◆ **Data provided**:
# # # # # # #

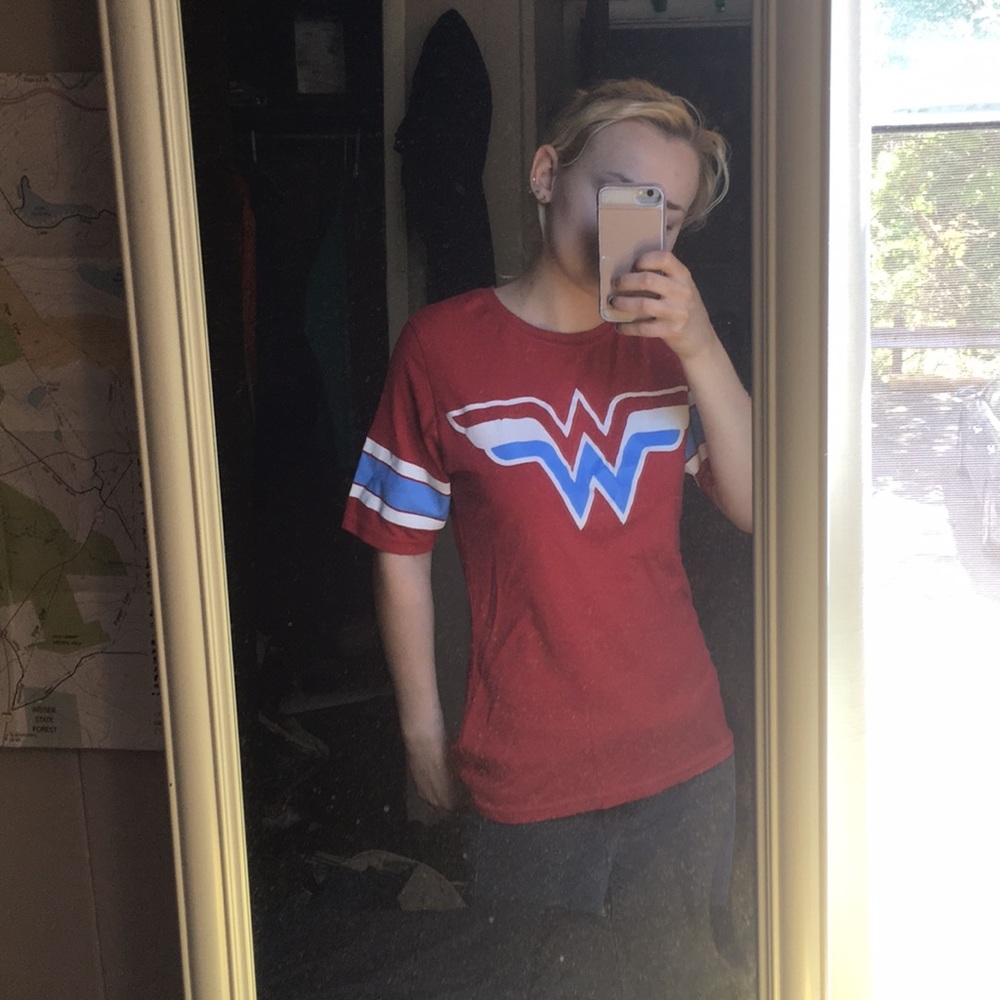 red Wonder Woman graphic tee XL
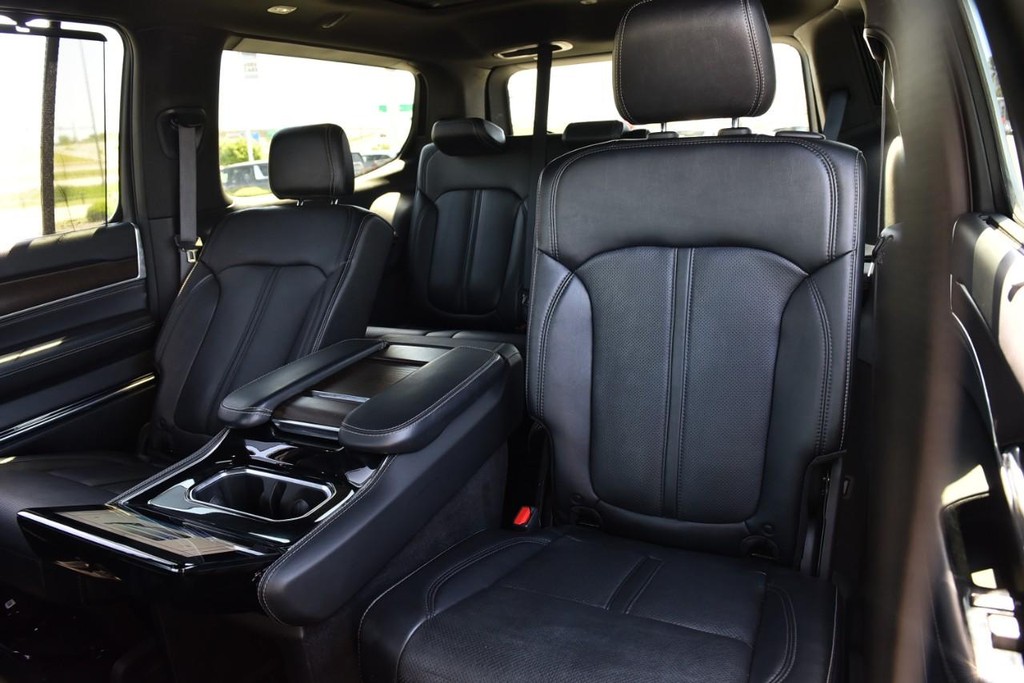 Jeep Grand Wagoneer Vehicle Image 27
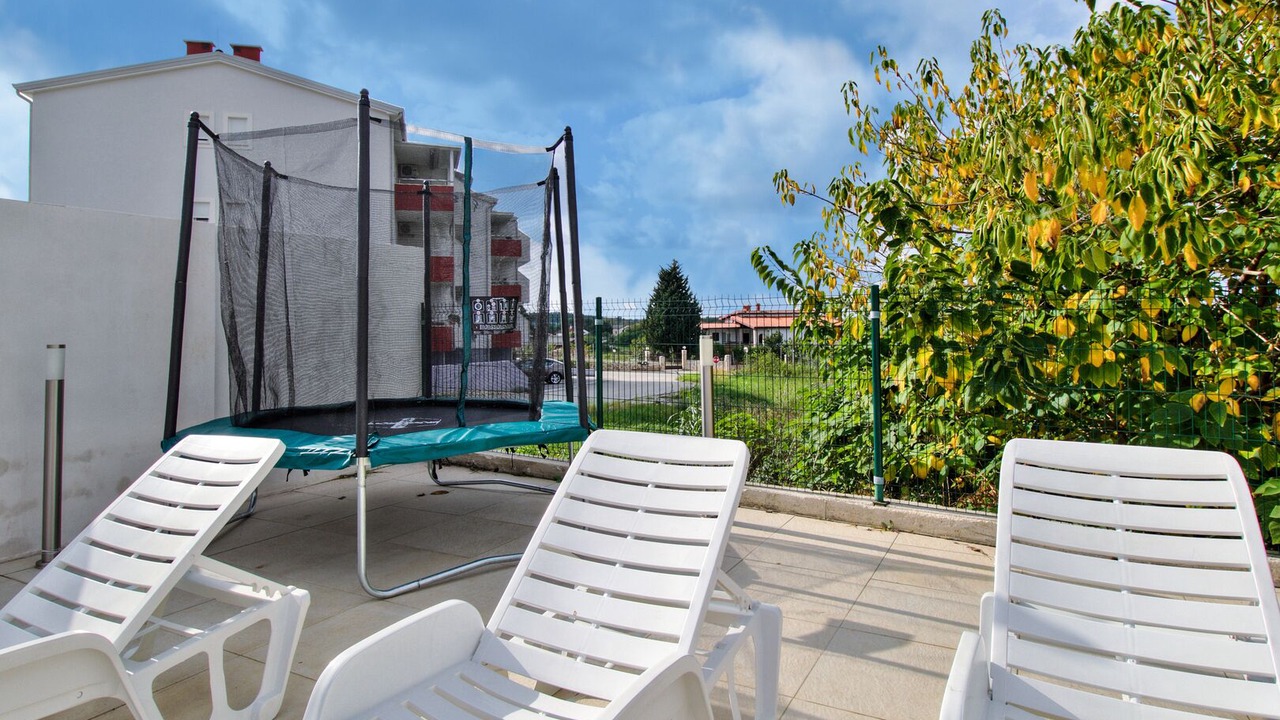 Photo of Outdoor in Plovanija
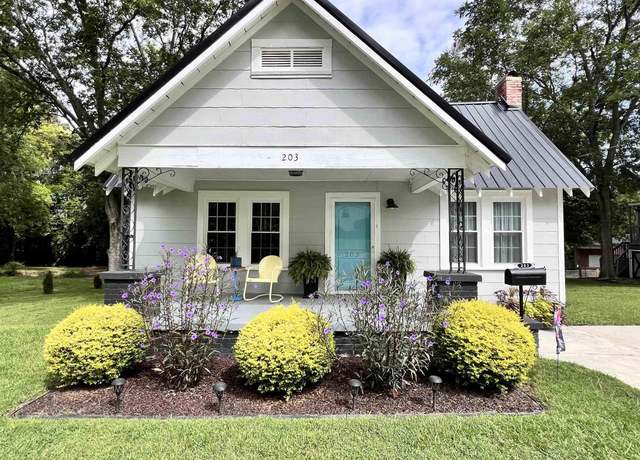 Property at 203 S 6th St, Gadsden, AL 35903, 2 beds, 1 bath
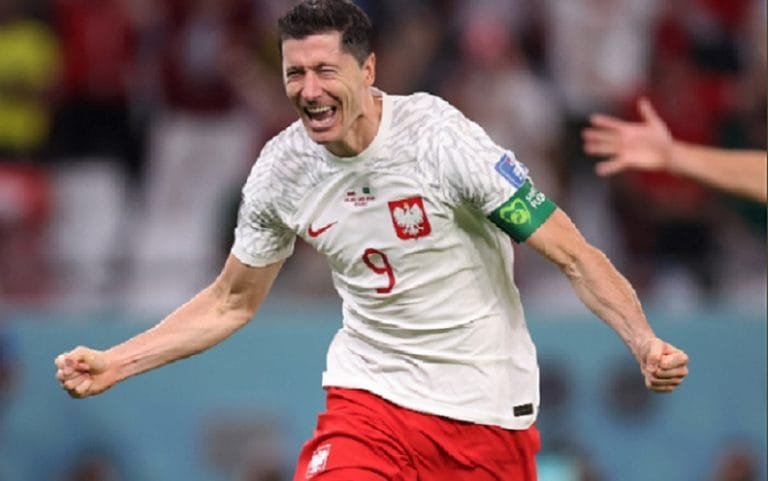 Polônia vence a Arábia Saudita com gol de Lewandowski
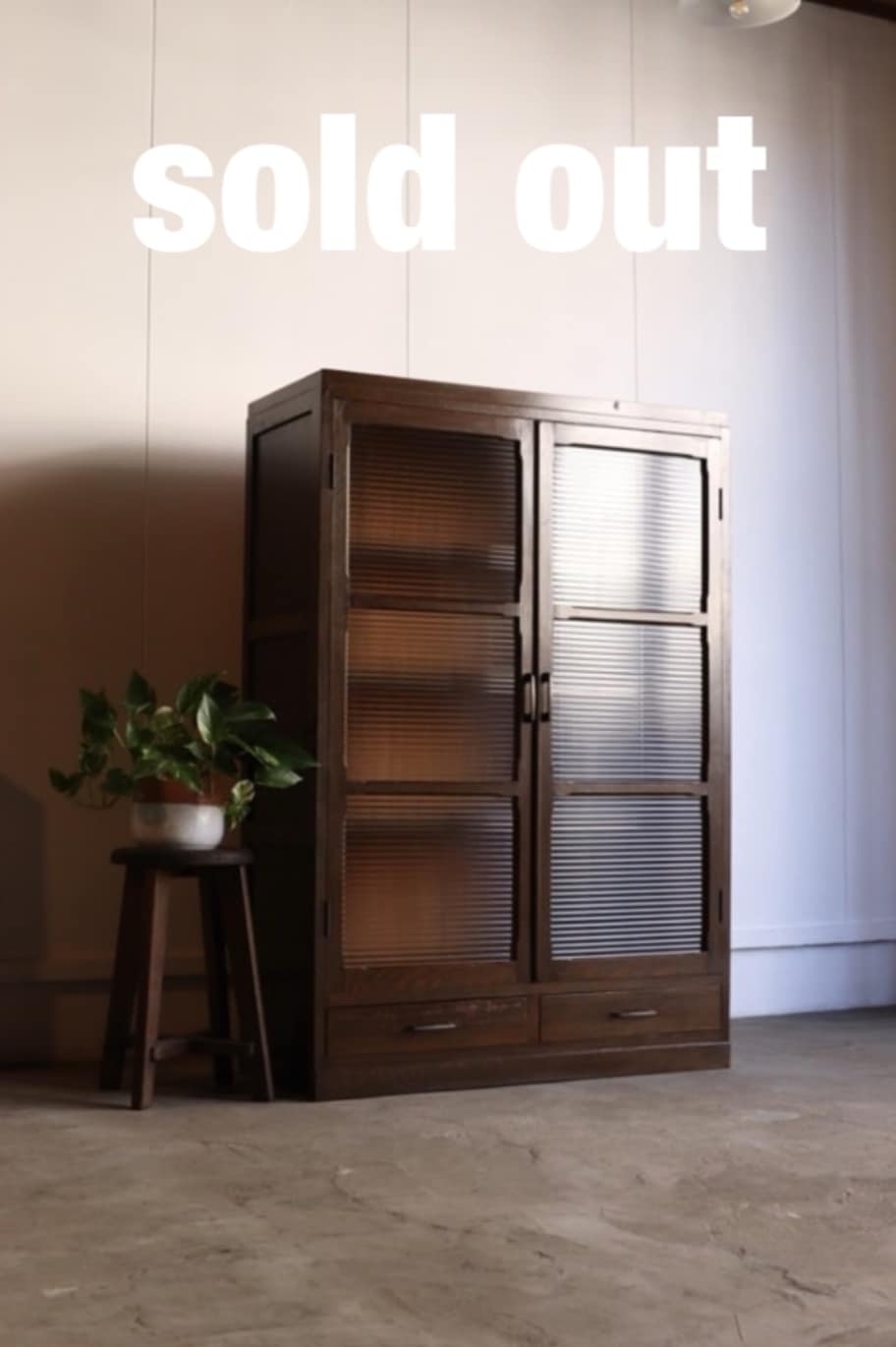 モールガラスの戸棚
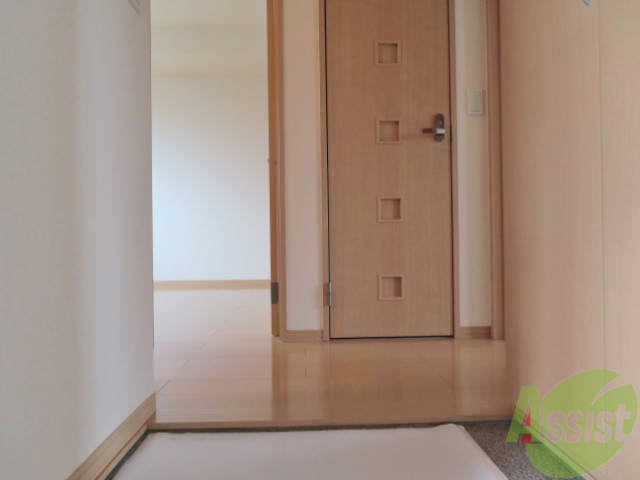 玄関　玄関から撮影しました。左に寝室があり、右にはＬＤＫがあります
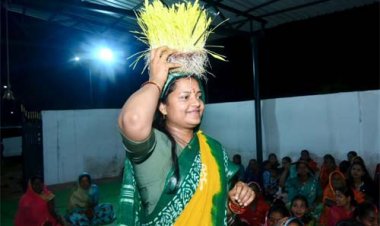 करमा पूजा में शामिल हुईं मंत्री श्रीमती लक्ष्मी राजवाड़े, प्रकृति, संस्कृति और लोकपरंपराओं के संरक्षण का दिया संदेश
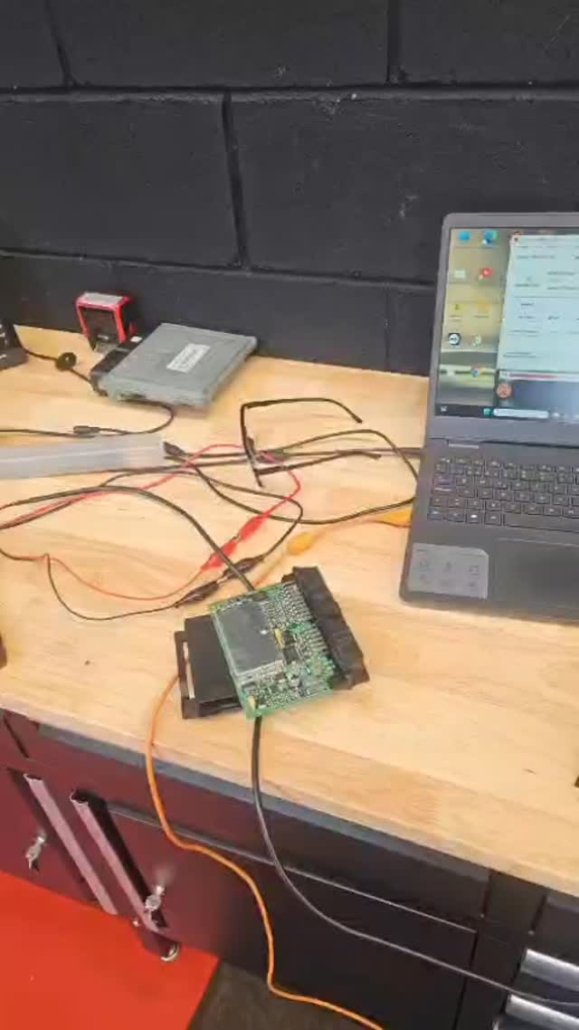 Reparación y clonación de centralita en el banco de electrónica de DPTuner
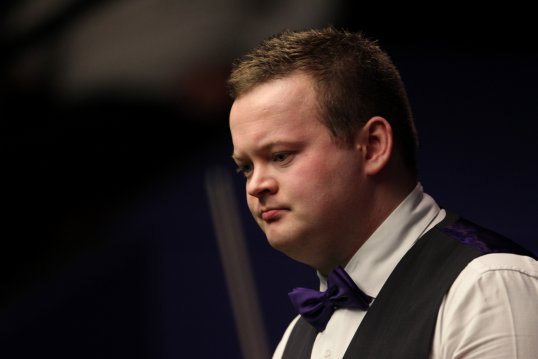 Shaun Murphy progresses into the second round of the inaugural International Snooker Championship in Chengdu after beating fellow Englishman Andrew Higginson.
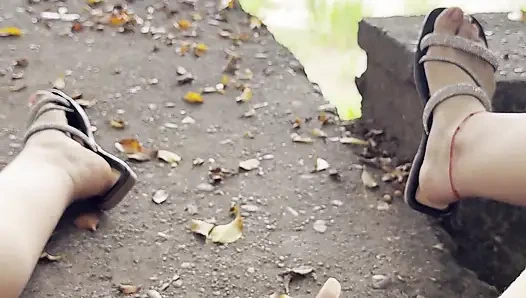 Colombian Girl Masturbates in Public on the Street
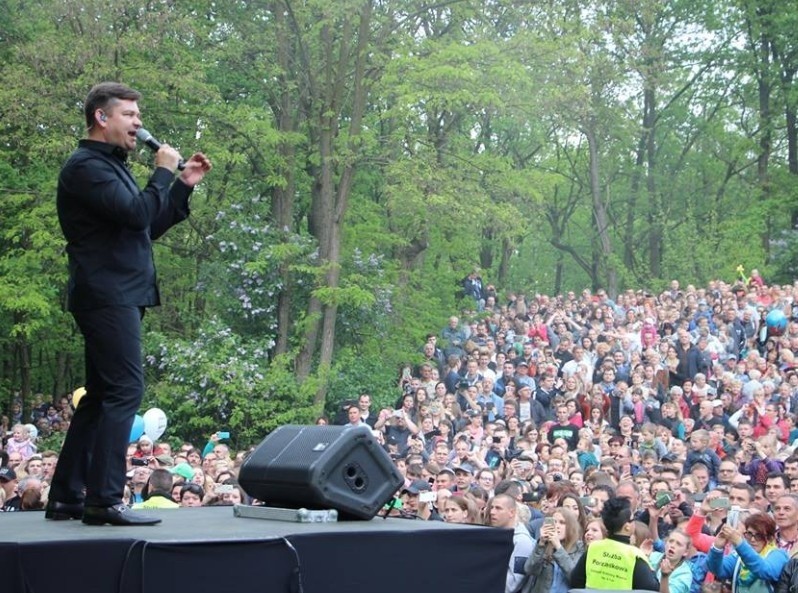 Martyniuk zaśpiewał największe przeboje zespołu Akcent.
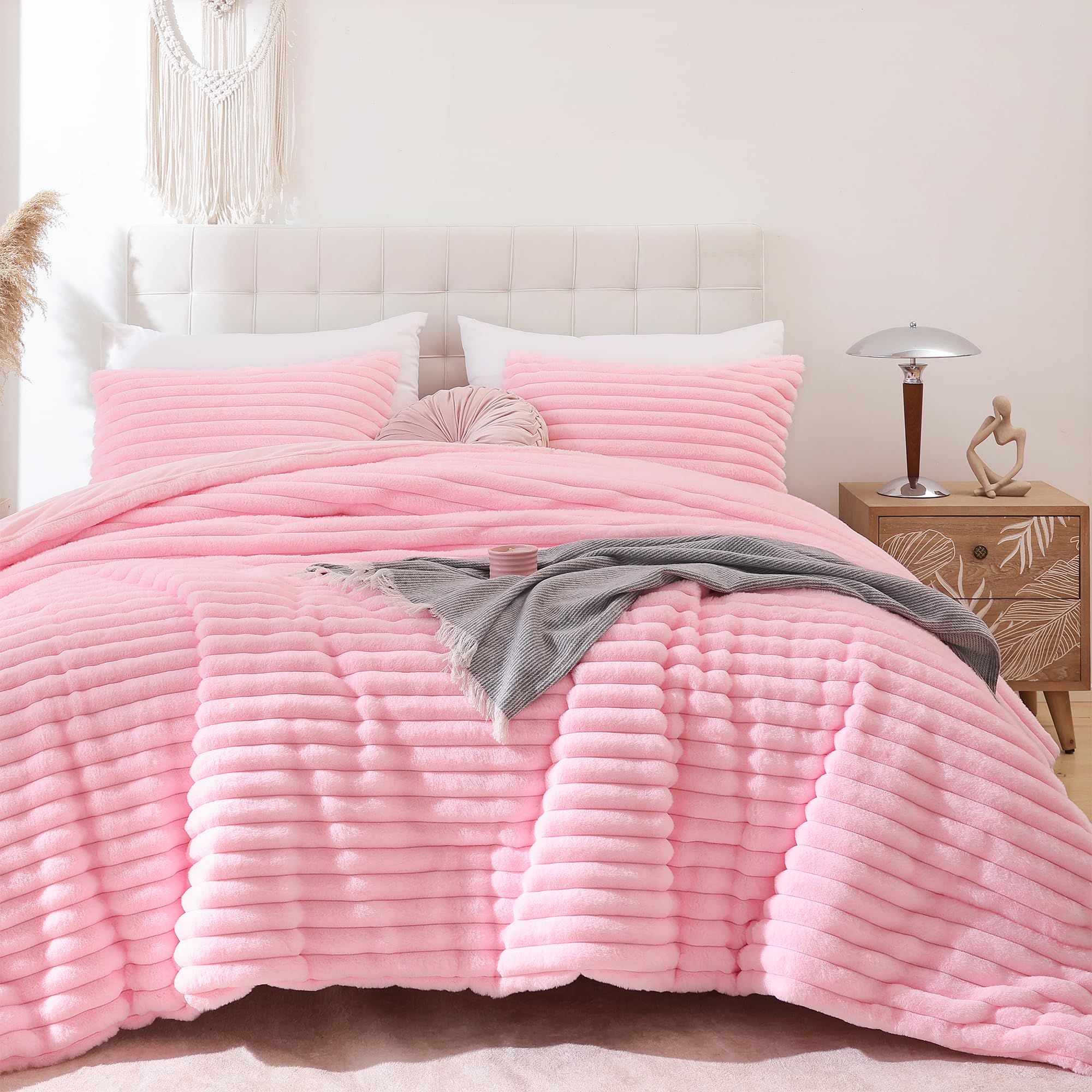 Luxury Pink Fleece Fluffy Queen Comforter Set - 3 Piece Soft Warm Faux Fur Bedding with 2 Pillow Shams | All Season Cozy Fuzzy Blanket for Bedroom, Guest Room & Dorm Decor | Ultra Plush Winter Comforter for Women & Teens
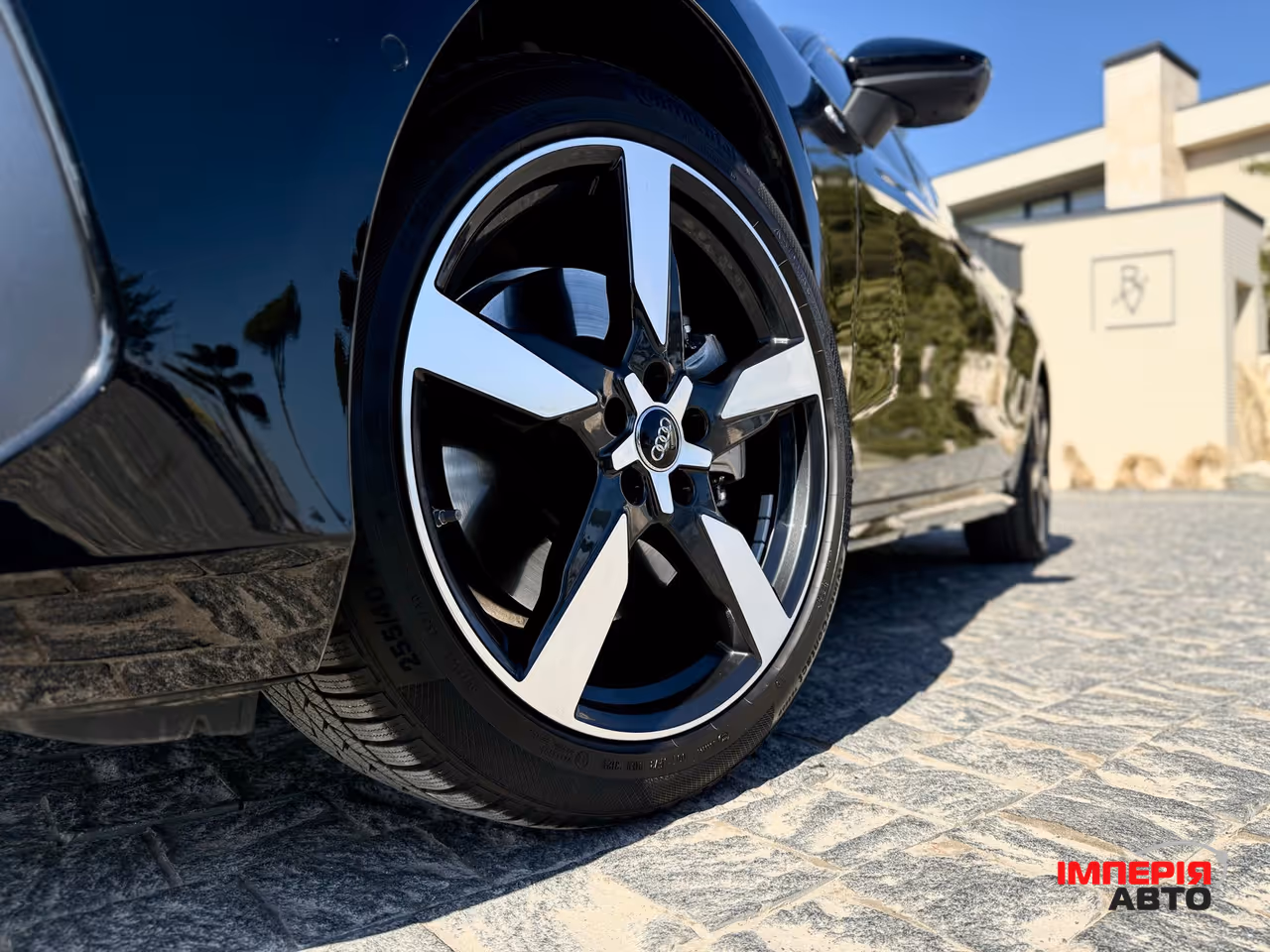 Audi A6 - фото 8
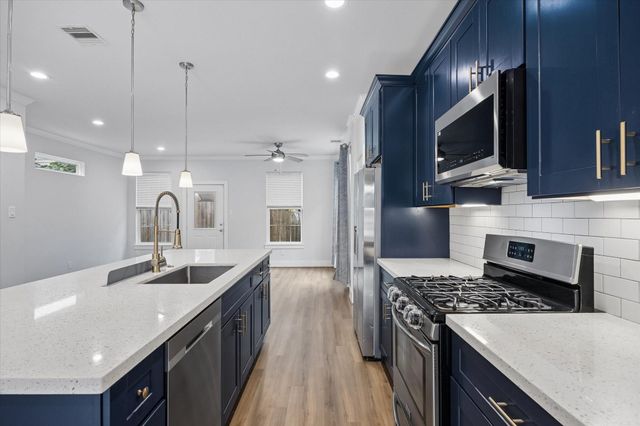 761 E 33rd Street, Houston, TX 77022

# # # # # # #

◆ **Exercise directions**:
Everything from the line with "Polônia vence a" through the line with "Martyniuk zaśpiewał największe" in the material above should be transcribed exactly, except the pictures.

◆ **Expected answer**:
 Polônia vence a Arábia Saudita com gol de Lewandowski
 モールガラスの戸棚
 玄関　玄関から撮影しました。左に寝室があり、右にはＬＤＫがあります
 करमा पूजा में शामिल हुईं मंत्री श्रीमती लक्ष्मी राजवाड़े, प्रकृति, संस्कृति और लोकपरंपराओं के संरक्षण का दिया संदेश
 Reparación y clonación de centralita en el banco de electrónica de DPTuner
 Shaun Murphy progresses into the second round of the inaugural International Snooker Championship in Chengdu after beating fellow Englishman Andrew Higginson.
 Colombian Girl Masturbates in Public on the Street
 Martyniuk zaśpiewał największe przeboje zespołu Akcent.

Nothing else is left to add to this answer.